What is a Home Affordability?
A home affordability calculator works backward from your finances to a price. It takes your income and existing debts, applies debt-to-income limits, and figures out the largest monthly payment — and therefore the largest loan and price — those limits allow, then adds your down payment.
Because lenders allow a range of DTI (from a comfortable 36% up to about 50% in some cases), there isn't one 'affordable' price. This tool shows three, so you can see the spread between cautious and stretched.
Why it matters
Shopping without a real number leads to two bad outcomes: falling in love with homes you can't afford, or lowballing and missing what you could comfortably buy. A grounded range fixes both.
It also reframes the levers you actually control. Paying down a car loan or credit card before you buy can add tens of thousands to your price ceiling. A larger down payment does the same and can eliminate PMI. Seeing those effects in dollars turns vague advice into a plan you can act on before you ever tour a house.
What to do next
Enter your income, monthly debts, down payment, and a realistic rate, then read the affordability table. Decide where in the range you're comfortable — most people are happiest below the aggressive figure.

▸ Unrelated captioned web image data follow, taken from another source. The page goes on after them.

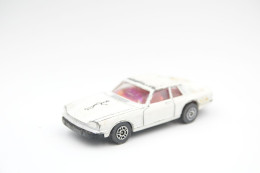 CORGI JUNIORS: Jaguar XJ-S The Saint (like Matchbox / Lesney ) - Matchbox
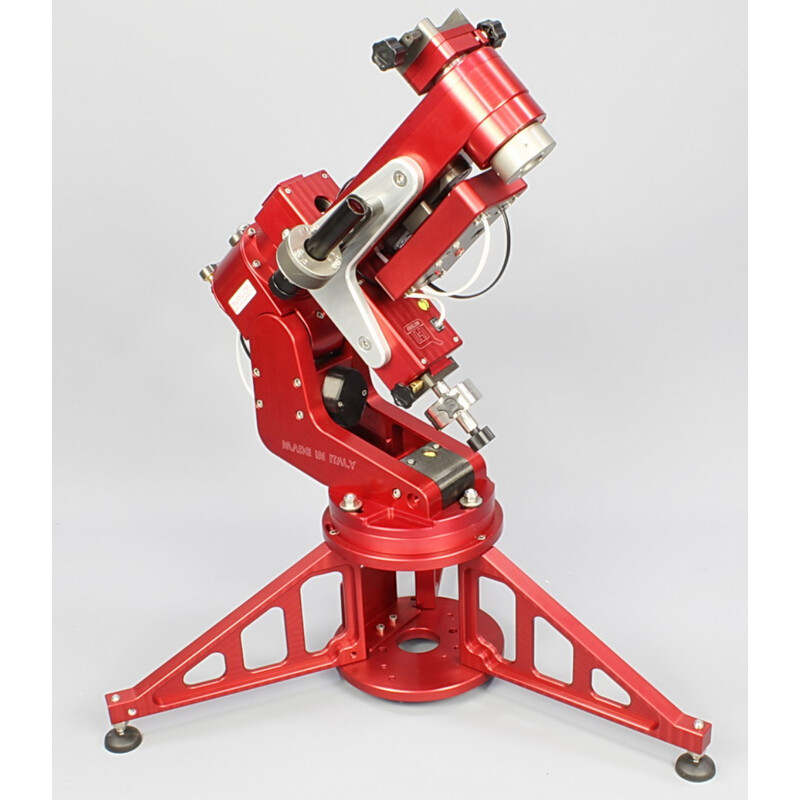 Avalon Montierung M-zero obs Bluetooth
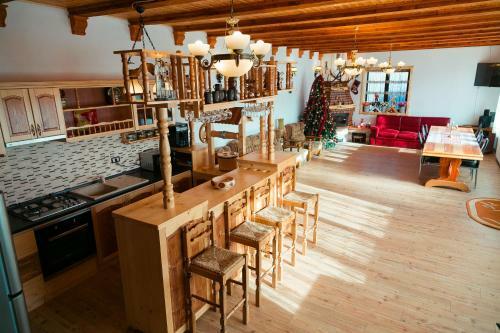 Agroturismo Casa Nica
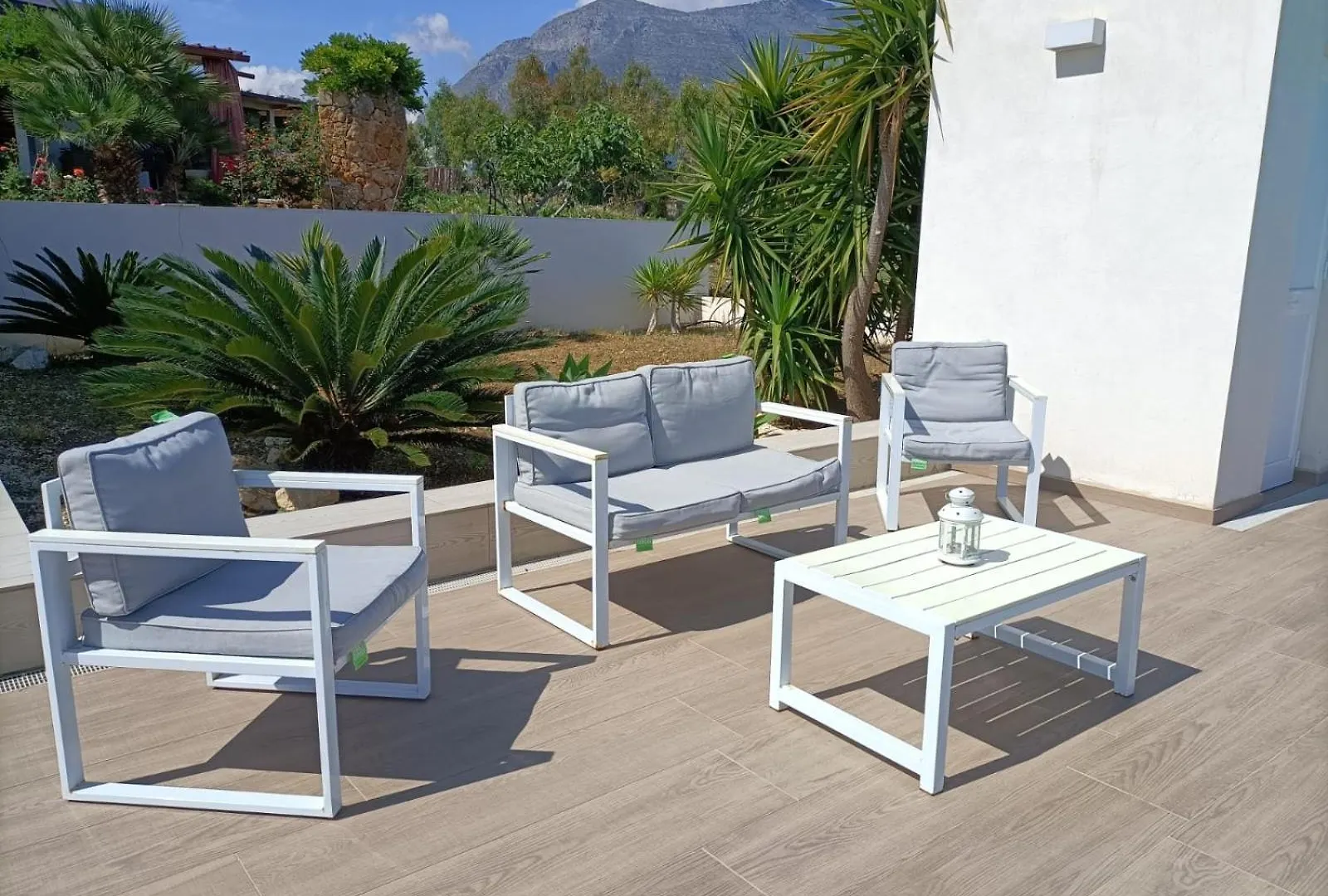 Villa Flo Castellammare del Golfo
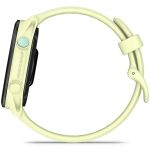 Smartwatch Garmin Forerunner 70 Żółty - Citron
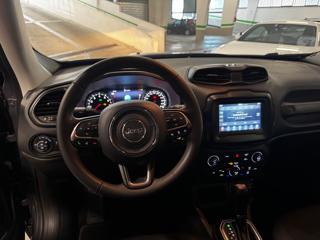 JEEP Renegade usata, con ESP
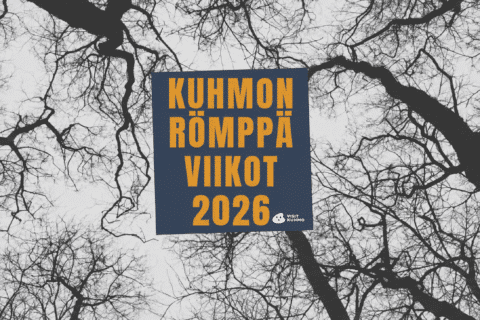 Kuhmon Römppäviikot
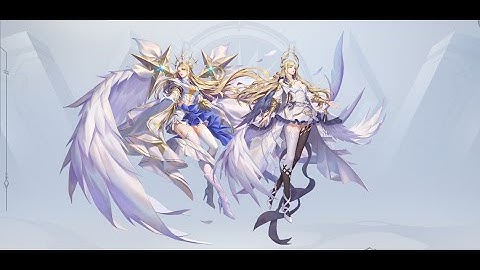 Đấu La Đại Lục _Hồn Sư Đối Quyết - Combo Tuyết SP (Dành Cho Server Dưới 8x)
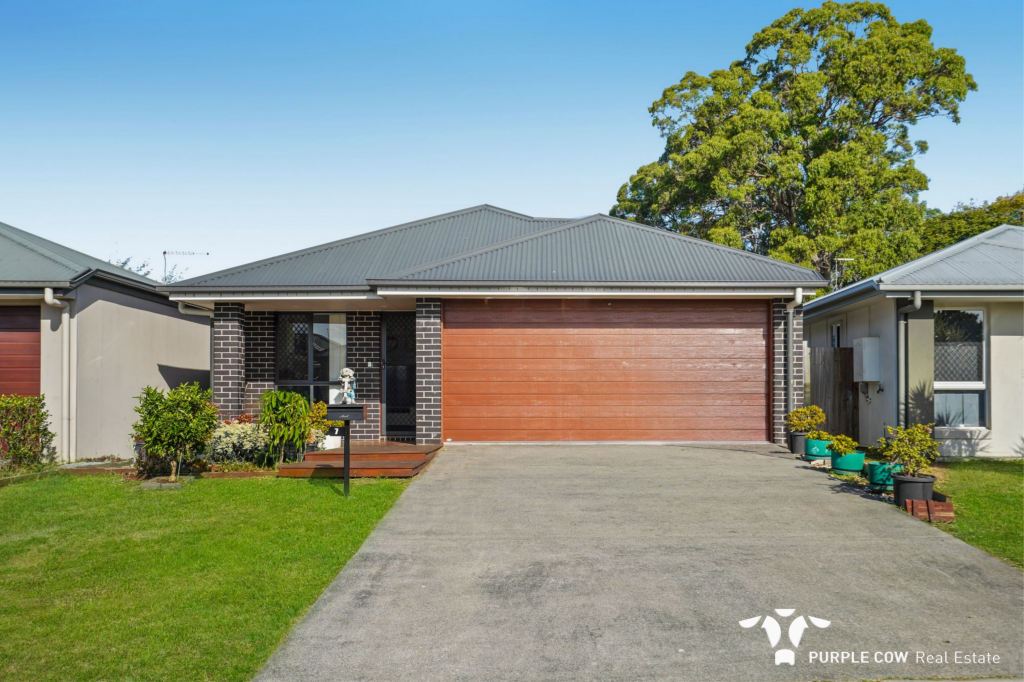 7 Bellestar St, Griffin, QLD 4503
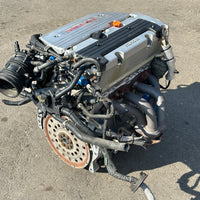 JDM 04-08 Honda K24A 2.4L DOHC i-VTEC RBB 200HP Engine K24A2 Acura TSX | Engine | 2004 2008 Acura Tsx 2.4L DOHC i-VTEC Automatic Transmission MRSA JDM K24A, acura tsx, Acura Tsx K24A Engine, freeshipping, K24a Tsx, K24a2, TSX, tsx Engine | 2669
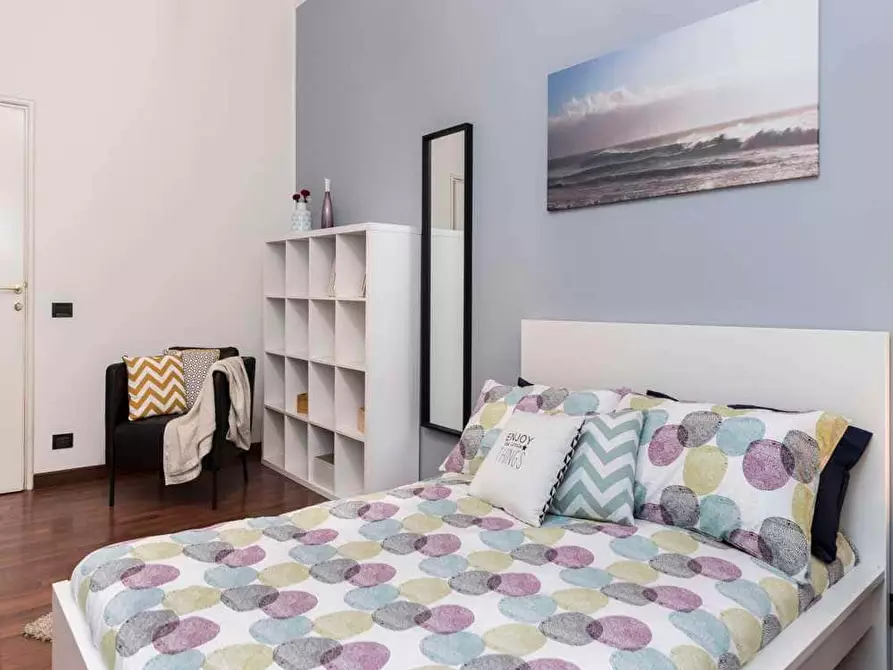 Immagine 7 di Camera in affitto  in Via Giulio Tarra1 a Milano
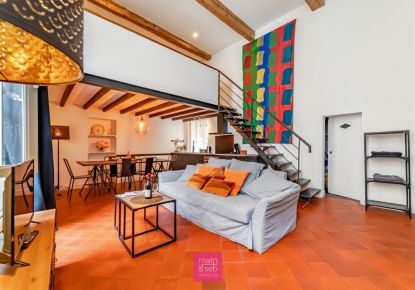 vente Appartement Nimes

If the number is lower than you hoped, target your highest monthly debt payment to pay off first, or build a bigger down payment. Then confirm eligibility and loan-program fit with the mortgage qualifier, and plan the down payment itself with the down-payment calculator. Remember to leave room for taxes, insurance, and maintenance in your final budget.
Frequently asked questions
How much house can I afford on my income?
A common guideline is that total housing costs stay under 28% of gross income (the 'front-end' ratio) and all debt payments under 36–43% (the 'back-end' ratio). This calculator works backward from those limits, given your income, debts, and down payment, to show a maximum price at three comfort levels.
What is debt-to-income (DTI) ratio?
DTI is your total monthly debt payments — including the new mortgage — divided by your gross monthly income. Lenders use it to gauge how much you can handle. A back-end DTI at or below 36% is comfortable; many loans allow up to 43%, and some stretch to about 50% with strong credit and reserves.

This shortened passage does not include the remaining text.